• _Exercise_:
The records follow. Print, word for word, the first line through the "BBTHBDNBY My Favorite" line.
────────
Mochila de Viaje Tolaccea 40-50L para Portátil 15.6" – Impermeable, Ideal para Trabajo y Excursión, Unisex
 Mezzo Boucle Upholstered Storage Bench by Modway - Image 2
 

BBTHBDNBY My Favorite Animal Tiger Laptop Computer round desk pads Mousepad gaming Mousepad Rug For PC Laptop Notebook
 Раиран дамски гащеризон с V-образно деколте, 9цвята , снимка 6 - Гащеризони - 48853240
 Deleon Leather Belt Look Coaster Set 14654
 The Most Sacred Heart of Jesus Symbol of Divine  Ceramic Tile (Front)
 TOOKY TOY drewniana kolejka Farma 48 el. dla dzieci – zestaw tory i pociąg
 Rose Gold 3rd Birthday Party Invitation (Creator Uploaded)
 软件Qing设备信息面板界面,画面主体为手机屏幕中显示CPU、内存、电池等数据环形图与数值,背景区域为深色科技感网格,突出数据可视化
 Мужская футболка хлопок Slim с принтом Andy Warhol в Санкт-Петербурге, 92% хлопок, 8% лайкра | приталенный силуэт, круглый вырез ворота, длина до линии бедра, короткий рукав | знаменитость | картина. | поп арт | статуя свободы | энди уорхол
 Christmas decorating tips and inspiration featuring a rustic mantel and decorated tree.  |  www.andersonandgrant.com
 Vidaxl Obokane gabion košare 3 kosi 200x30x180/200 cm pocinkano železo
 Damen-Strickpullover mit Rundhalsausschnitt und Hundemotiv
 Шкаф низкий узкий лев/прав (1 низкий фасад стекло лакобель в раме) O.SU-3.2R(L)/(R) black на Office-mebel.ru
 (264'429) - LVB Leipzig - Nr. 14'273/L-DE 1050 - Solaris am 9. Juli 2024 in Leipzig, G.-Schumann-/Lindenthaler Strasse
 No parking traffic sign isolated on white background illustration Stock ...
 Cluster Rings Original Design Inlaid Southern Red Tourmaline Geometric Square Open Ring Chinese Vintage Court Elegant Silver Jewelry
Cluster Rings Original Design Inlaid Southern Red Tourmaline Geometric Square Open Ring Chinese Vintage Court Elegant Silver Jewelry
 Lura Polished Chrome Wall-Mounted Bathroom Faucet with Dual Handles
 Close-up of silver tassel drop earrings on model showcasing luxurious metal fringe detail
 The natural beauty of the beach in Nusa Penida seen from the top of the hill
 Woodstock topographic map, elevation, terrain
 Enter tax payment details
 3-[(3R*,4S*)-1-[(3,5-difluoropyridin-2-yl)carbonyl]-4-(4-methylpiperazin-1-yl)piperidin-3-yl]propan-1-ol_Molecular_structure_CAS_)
────────
• _Result_:
Mochila de Viaje Tolaccea 40-50L para Portátil 15.6" – Impermeable, Ideal para Trabajo y Excursión, Unisex
 Mezzo Boucle Upholstered Storage Bench by Modway - Image 2
 

BBTHBDNBY My Favorite Animal Tiger Laptop Computer round desk pads Mousepad gaming Mousepad Rug For PC Laptop Notebook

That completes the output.